The success of God of War got us thinking about some other action games we haven’t seen around lately. It’s a shame that these classics have been left for dead at a time when the action genre is richer than ever. In fact, we’d say it’s the perfect time for them to make a comeback.
They don’t have to play exactly like God of War, but these are the games that deserve a God of War worthy comeback.
When the original Onimusha was released in 2001, it was seen as an impressive technical showcase for the recently released PlayStation 2, but it kind of felt like a prototype for how Resident Evil might look on that console. As the series evolved, though, it discovered its true identity as an incredible samurai action franchise with just enough horror elements. Its one of the gems of the Capcom library.
Sadly, it’s been about 12 years since we’ve gotten a new Onimusha game and about 14 years since we got a “proper” sequel in the series.
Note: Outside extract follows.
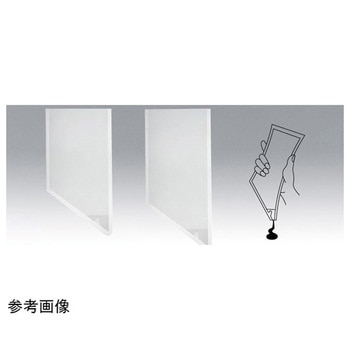 三方袋 1500枚 KSFシリーズ メイワパックス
It’s not entirely clear what the state of the series is or why we haven’t gotten a sequel in over a decade.
Nevertheless, a modern-day Onimusha would be amazing. The series could either go the Bayonetta route and be an over-the-top action experience or – even better – take cues from titles like Nioh and incorporate some RPG elements. In any case, we need more samurai action games, and Onimusha is one of the best.
Technically, Castlevania is still alive, but it’s alive in the same way that a lot of Castlevania‘s enemies are alive. It’s a shambling corpse that barely resembles its former self.
Castlevania used to be the premier name in horror/action entertainment, but the franchise has fallen on rough times in recent years. Now that Konami seems more interested in making slot machines than video games, it’s doubtful that we’ll ever get another big budget Castlevania action title from the studio again.
That being the case, it would be great if a studio like From Software took the series over and capitalized on the Castlevania name in a way that Konami seems unwilling – or unable – to do.
Legacy of Kain
While the original Legacy of Kain – Blood Omen: Legacy of Kain – was a pretty good action-RPG, it didn’t quite set the world on fire. That honor was reserved for 1999’s Legacy of Kain: Soul Reaver.
Soul Reaver featured an incredibly compelling story about a ghostly vampire looking for revenge against the master vampire that ended his existence. That simple revenge story served as the basis for a surprisingly deep conspiracy story that explored every corner of the game’s fascinating world. All the while, players got to enjoy a surprisingly advanced 3D combat system that took advantage of the heroes vampiric abilities.
We get the feeling that there’s a lot more left to explore in this franchise’s endless mythology and modern 3D action innovations would make this already great series even better.
Mark of Kri
Sometimes, a game can be too innovative or, at the very least, ahead of its time. 16 years after its release, we can safely confirm that was Mark of Kri‘s unfortunate fate.
Long before Batman: Arkham Asylum innovated multi-man 3D combat, Mark of Kri became the gold standard in that field. By allowing players to assign an attack button to enemies by moving the right analog stick, Mark of Kri made it shockingly easy to battle a variety of foes. Meanwhile, the game’s story about a band of noble warriors who are facing the end of their days carried a great deal of emotional weight.
Mark of Kri wasn’t quite ready for prime time in 2002, but it’s more than ready for a modern-day comeback.
Shadow of Rome
There was this brief time after the release of Gladiator when game developer became obsessed with games about ancient Rome. We got quite a few good titles out of the deal (2003’s Gladius was a particularly brilliant strategy title) but Shadow of Rome truly stands the test of time.
Shadow of Rome was all about the brutality of arena combat. The game’s gladiatorial battles were unforgiving and unabashedly violent. While the game lacked a bit of depth, it made up for it with a series of action sequences that are certainly burned in the brain of everyone who played it.
A modern Shadow of Rome title that takes everything great about the original and expands upon its basic concepts could be a welcome gem.